Das Kriegstagebuch des Alfred H. Fried

Bern, 24. Oktober.

In der französischen Kammer werden die aus dem befreiten Lille nach vier Jahren wieder erschienenen Deputierten feierlichst begrüßt. Sie erzählen von den «deutschen Verbrechen» Haarsträubendes. Die Rede wird in allen Gemeinden Frankreichs angeschlagen. Ich erinnere mich eines Scherzwortes des verstorbenen Frank Wedekind, der einmal gesagt hat «Belgien dürfen wir nie wieder herausgeben, damit man die Schweinereien nicht erfährt, die wir dort begangen haben.» — Jetzt, wo die deutsche Armeeleitung Belgien und Nordfrankreich räumt, wird man Dinge erfahren, die den Hass auf Jahrzehnte festigen werden. Wie soll es zum Dauerfrieden, wie zum Völkerbund kommen, wenn dieser Hass weiterglüht?

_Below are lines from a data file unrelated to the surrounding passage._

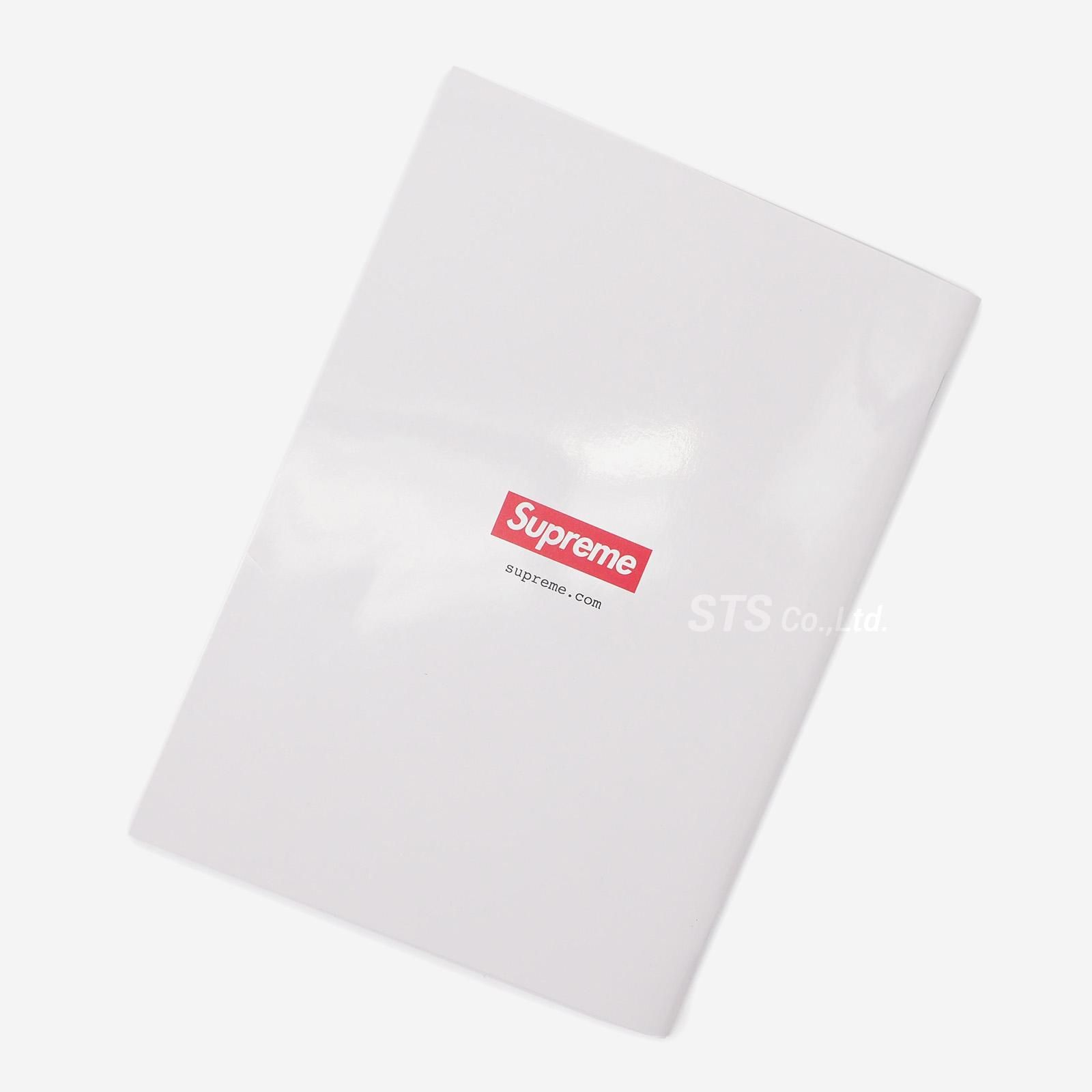 Supreme bag online plastic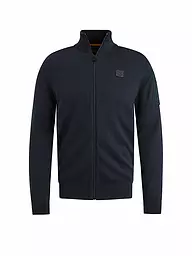 PME LEGEND | Strickjacke  | dunkelblau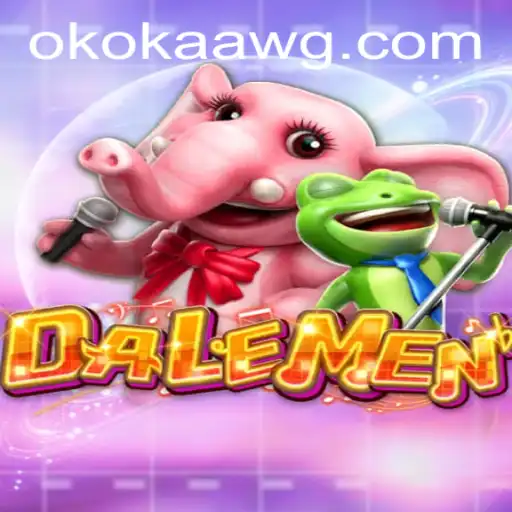 Explorando o Mundo Fascinante de DALEMEN: O Jogo de Estratégia e Aventuras Especiais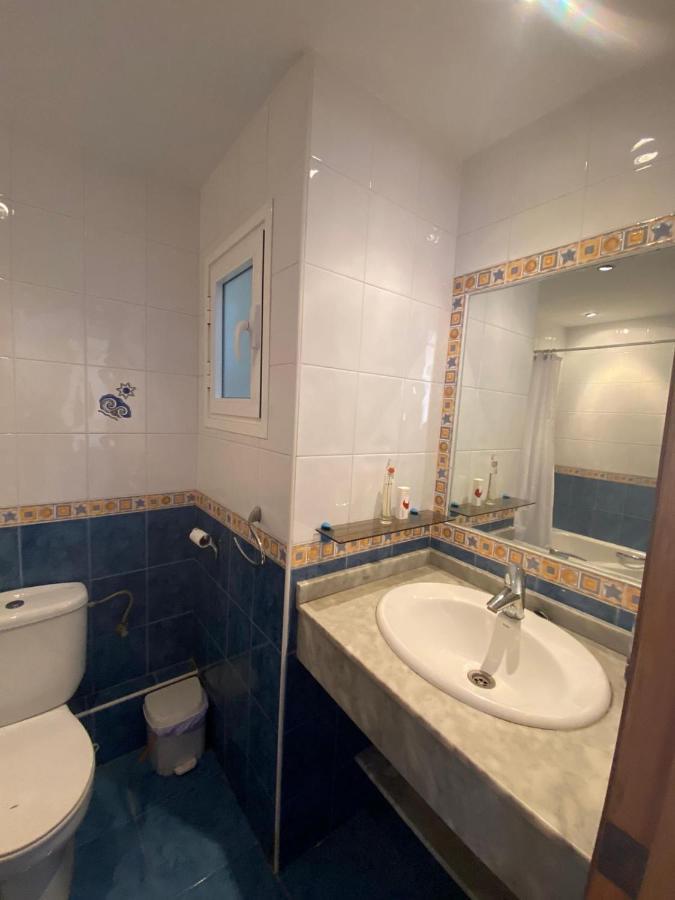 Apartament Casa Dona La Pobla de Farnals Zewnętrze zdjęcie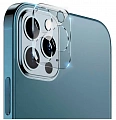 Защитное стекло на iPhone 12 Pro Max (6.7), back camera, X-CASE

Es sind bange, spannende Stunden, die wir durchleben. Jeden Augenblick kann es sich entscheiden, ob der Friede zustande kommt, oder ob der Krieg in seiner erbittertsten Phase weitergeht.

Ich zweifle an dem Friedensschluss. Die Vertreter des alten Deutschlands leben noch und warten im Hintergrund. Man sieht sie. Sie warten auf den Augenblick, um dem deutschen Volk die Notwendigkeit der völligen Selbstaufopferung, der sogenannten «nationalen Verteidigung», klarzumachen und dadurch für einige Zeit wieder ans Ruder zu kommen. Sie sind noch nicht tot, und die neue Regierung begreift es nicht, dass ihr nur ein völliger Bruch mit dem Alien Vertrauen und die Macht zum Friedensschluss geben kann. Die neue Regierung begreift manches nicht. Sie gibt sich pazifistisch. Aber es besteht ein großer, ein grundsätzlicher Unterschied zwischen jenen, die Pazifisten geworden, weil der Krieg verloren geht, und jenen, die Pazifisten wurden, weil er überhaupt gemacht wurde, die auch in den Zeilen des Sieges Pazifisten waren. Solche Männer, die niemals gewankt, die niemals das Verbrechen mitgemacht haben, braucht Deutschland. Sie allein könnten das deutsche Volk zum Frieden, zur Rettung in eine bessere Zukunft führen. Die anderen werden es zum Ruin, zur völligen Zerfleischung, zum Bolschewismus bringen.

Liebknecht hat das Zuchthaus verlassen dürfen. Nun kann Scheidemann sich erst seines Ministersessels freuen. Unmöglich wäre es gewesen, als demokratische und pazifistische Regierung zu fungieren und jenen Mann hinter Zuchthausmauern zu belassen, der als erster in Deutschland den Mut gehabt hat, das Verbrechen dieses Kriegs aufzudecken. Mit dieser Tat hat die neue Regierung Gutes vollbracht. Liebknechts Befreiung kann dem Frieden dienen. Und wie lange noch soll Friedrich Adler hinter Kerkermauern sitzen?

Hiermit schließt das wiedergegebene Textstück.